§ **About this task**: The full listing, exactly as written and with no images, is the expected output.

§ **Excerpted data**:

*** Begin section ***

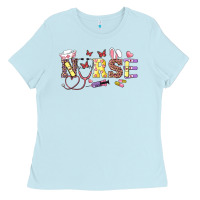 Baby Blue easter nurse Ladies Tee - RanaPortraitStore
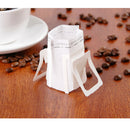 50pcs Paper Disposable Coffee Filter Bags Dripper Drip Filters Eco-friendly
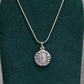 Dije  de Plata .925 doble vista  Sochapada Virgen de Guadalupe  y sagrado corazón de je sus Mod. SYC-19- Joyería Religiosa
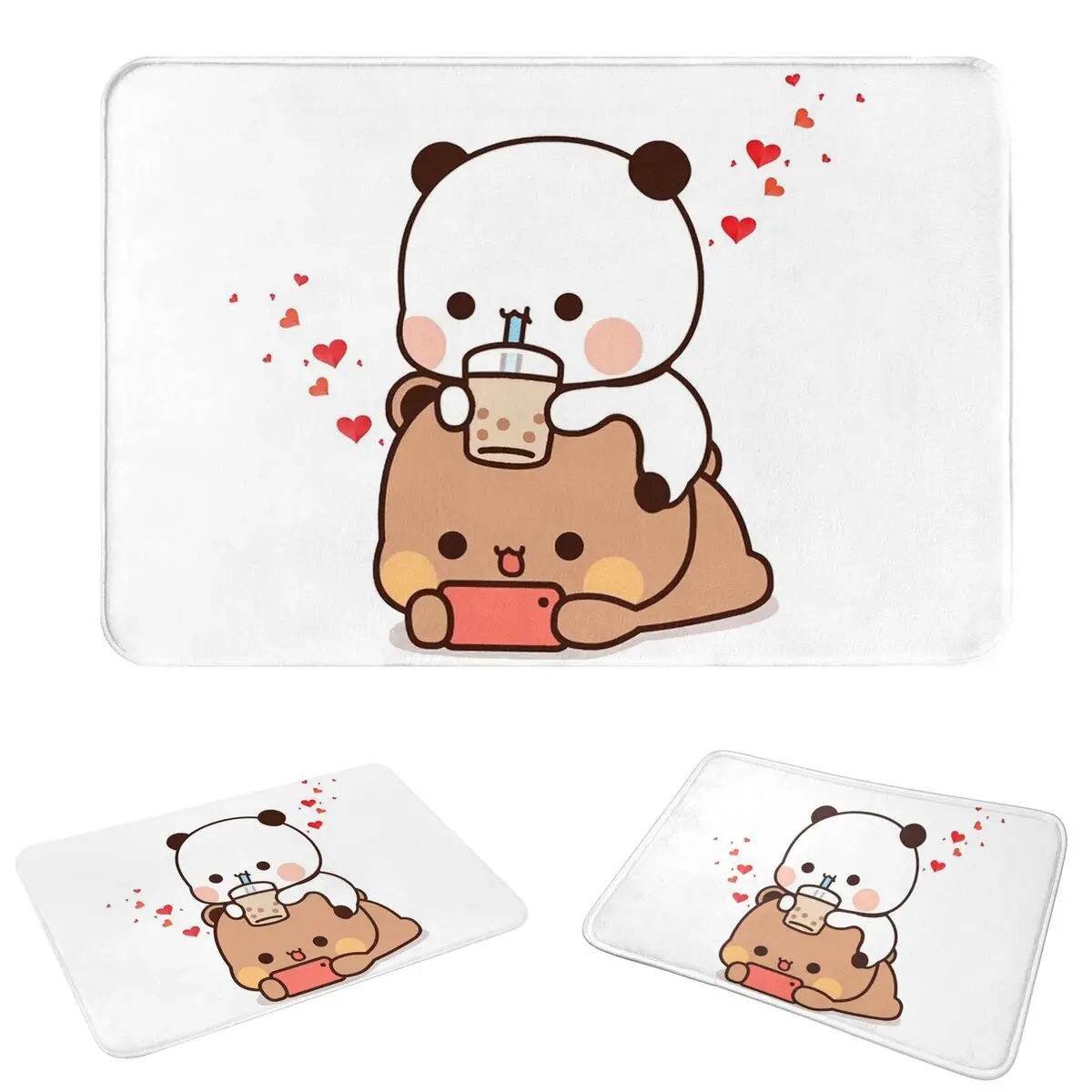 Peach And Goma Bubu Dudu Balloon Doormat Sand Scraping Carpet Rug Kitchen Entrance Home Floor Mat for Bedroom Footpad Mats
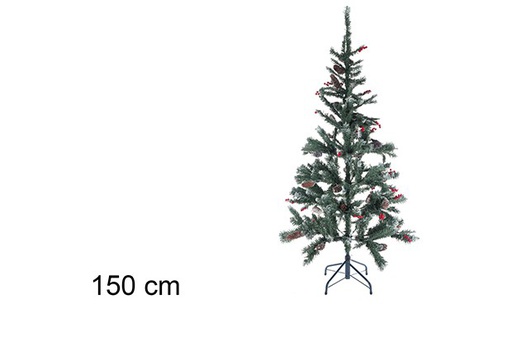 [109403] Arbol navidad decorado 150cm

*** End section ***

§ **Exercise response**:
 Baby Blue easter nurse Ladies Tee - RanaPortraitStore
 50pcs Paper Disposable Coffee Filter Bags Dripper Drip Filters Eco-friendly
 Dije  de Plata .925 doble vista  Sochapada Virgen de Guadalupe  y sagrado corazón de je sus Mod. SYC-19- Joyería Religiosa
 Peach And Goma Bubu Dudu Balloon Doormat Sand Scraping Carpet Rug Kitchen Entrance Home Floor Mat for Bedroom Footpad Mats
 [109403] Arbol navidad decorado 150cm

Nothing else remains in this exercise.